Lee Daniels says that you told him things about the character that he had not considered. Do you remember what?
Gabby Sidibe: Being a fan of the book, anytime they wanted to do something a little different I would get up on a soapbox, saying, ‘No, you can’t do that because they didn’t do that in the book and we can’t change the book.’ I am anal and got very serious about the character. I have probably told him a lot of things just because there are so many layers to Precious and he just thought because she was big and dark skinned that she had to be a certain way. But in meeting me, I am big and I have dark skin but I am certainly better than what he thought of me.

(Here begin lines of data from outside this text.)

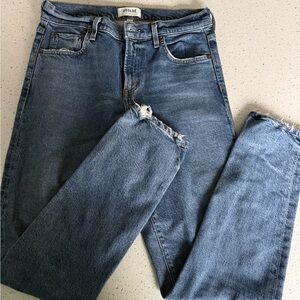 Agolde Jeans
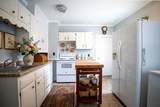 115 Green Street - Photo 4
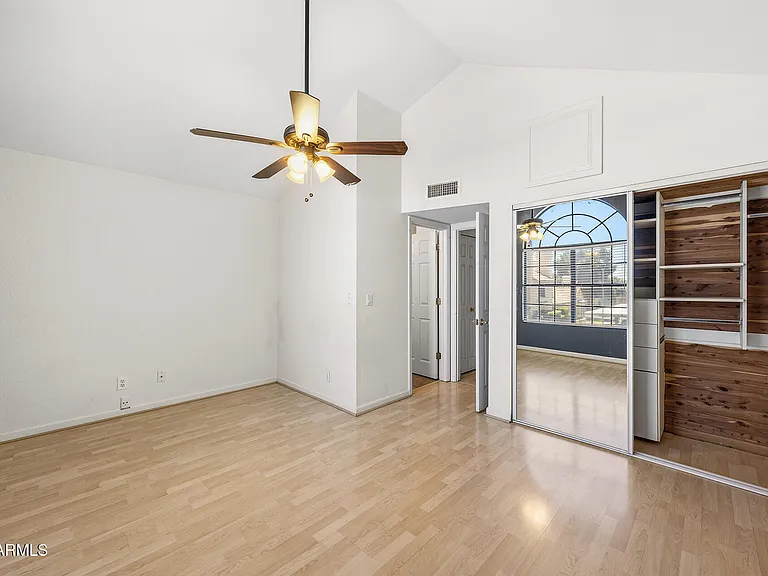 5704 E Aire Libre Ave #1048 — Photo 11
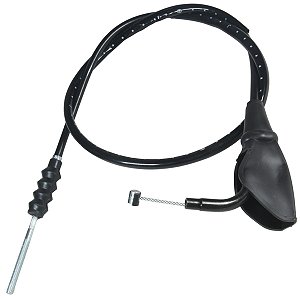 Cabo de freio dianteiro YBR125 Factor 2009 a 2016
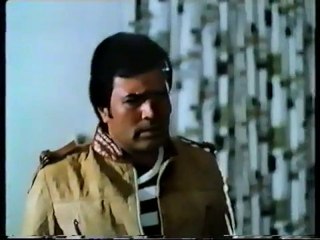 DILENADAN 16 http://bharatlover.com/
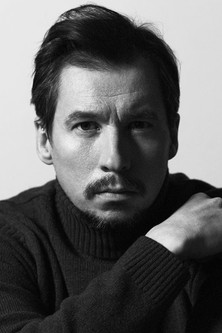 Миросłаw Ханисзеwски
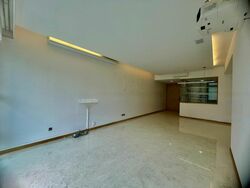 Paterson Residence (D9), Condominium #503462081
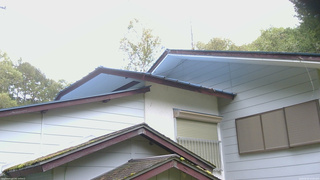 長野県菅平高原 ゆたか山荘 駐車場奥 2026/09/20 13:00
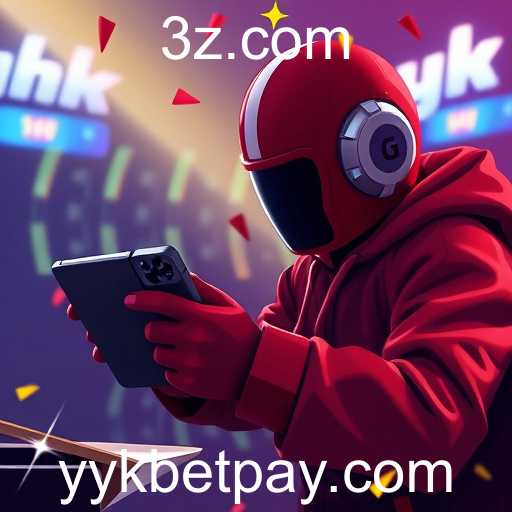 Expansão do Mercado de Jogos Online no Brasil: Análise e Tendências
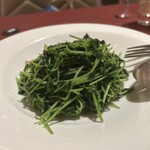 ジョーズ シャンハイ ニューヨーク 銀座店 - 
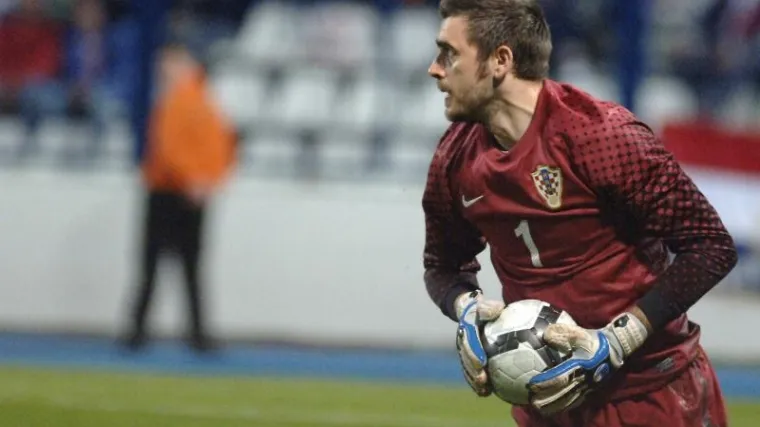 Sjajna vijest za Pletikosu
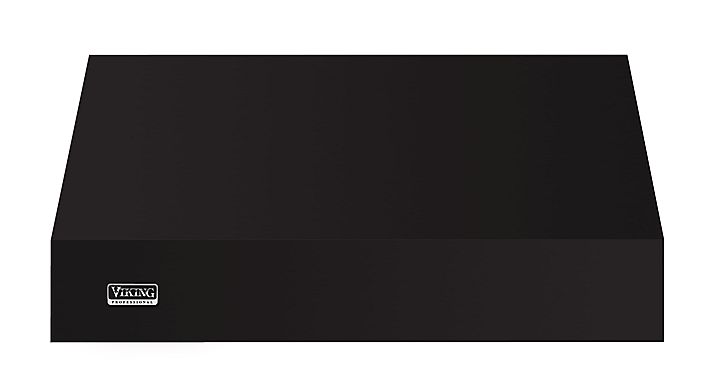 VIKING VWH536481ON 36" Wide 18" High Wall Hood - VWH536481 Viking 5 Series Black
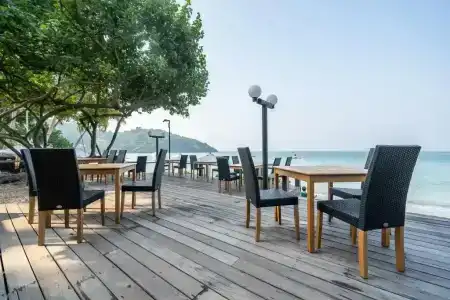 Ao Prao Resort - 6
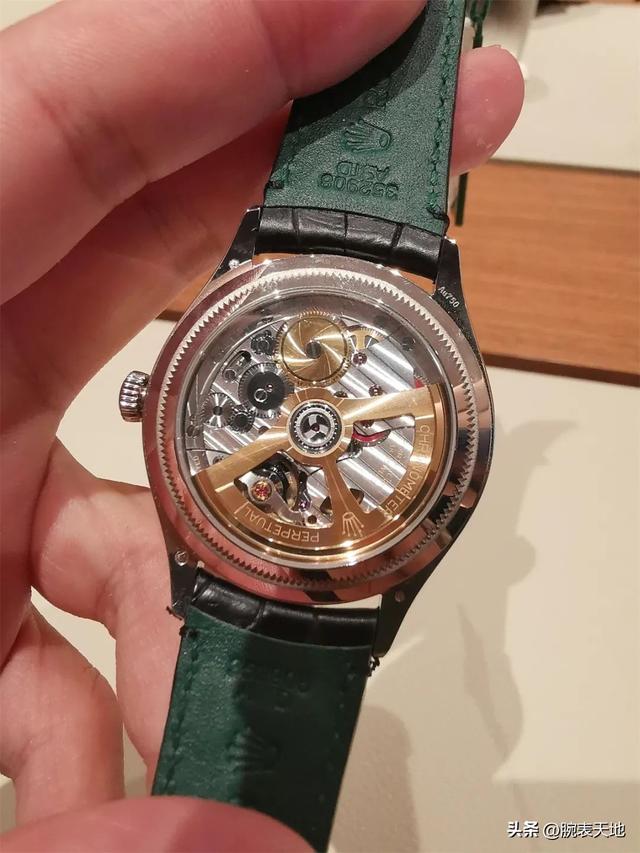 ȥ��ʿ����֮����Щ����ﲻס��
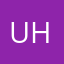 Ume Haani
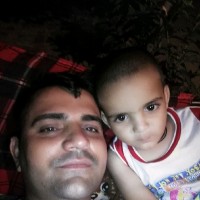 Narender Nain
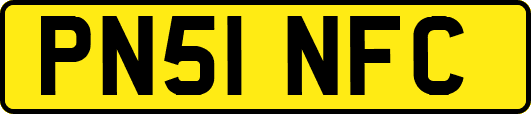 PN51NFC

He thought I would be not so and certainly I changed his idea of who Precious is, based on the way I am.
What were you thinking during the audition?
Gabby Sidibe: It was the scene where Precious meets Ms Weiss for the first time, the social worker, and I was given about three minutes with it. I hadn’t seen the scene beforehand. For the most part if you have a manager and the manager submits you for the role then they will email you the sides to the audition so you can prepare the night before. But since this was an open casting call I just showed up, no appointment, no nothing. And they had sides available so I was given three minutes with it and I went in and I did it. I remember thinking that it was a complete waste of time. Billy Hopkins was in the room with his assistant director Jessica Kelly and I wasn’t nervous at all, because I was feeling pretty stupid for having cut class and I was wondering about what I was missing. That was pretty much all that was on my mind. I wasn’t nervous at all because I didn’t think I had it all; I thought that I had zero chance of actually getting the part.
There are many layers to character and some very harrowing scenes to film…
Gabby Sidibe: I tend to disappear when I am acting as Precious. I am blank, completely, I am just feeling every emotion as Precious would feel it and how she should feel it. I leave my body and I take on this character. It is such a weird thing to describe because at first you do a certain amount of takes for every scene, sometimes more than others and for each time it is all brand new information and it a real revelation. It never grows cold or dead to me.
Precious dreams about the red carpet in the movie. How are you finding it yourself?
Gabby Sidibe: Red carpets are more fun in the film. Photoshoots are more fun in life. That’s the way you split that. Red carpets. They don’t suck but they are actually more fun to film than to actually do. Photoshoots are really awesome because sometimes they give you the clothes you are wearing. They give you free shoes and stuff like that!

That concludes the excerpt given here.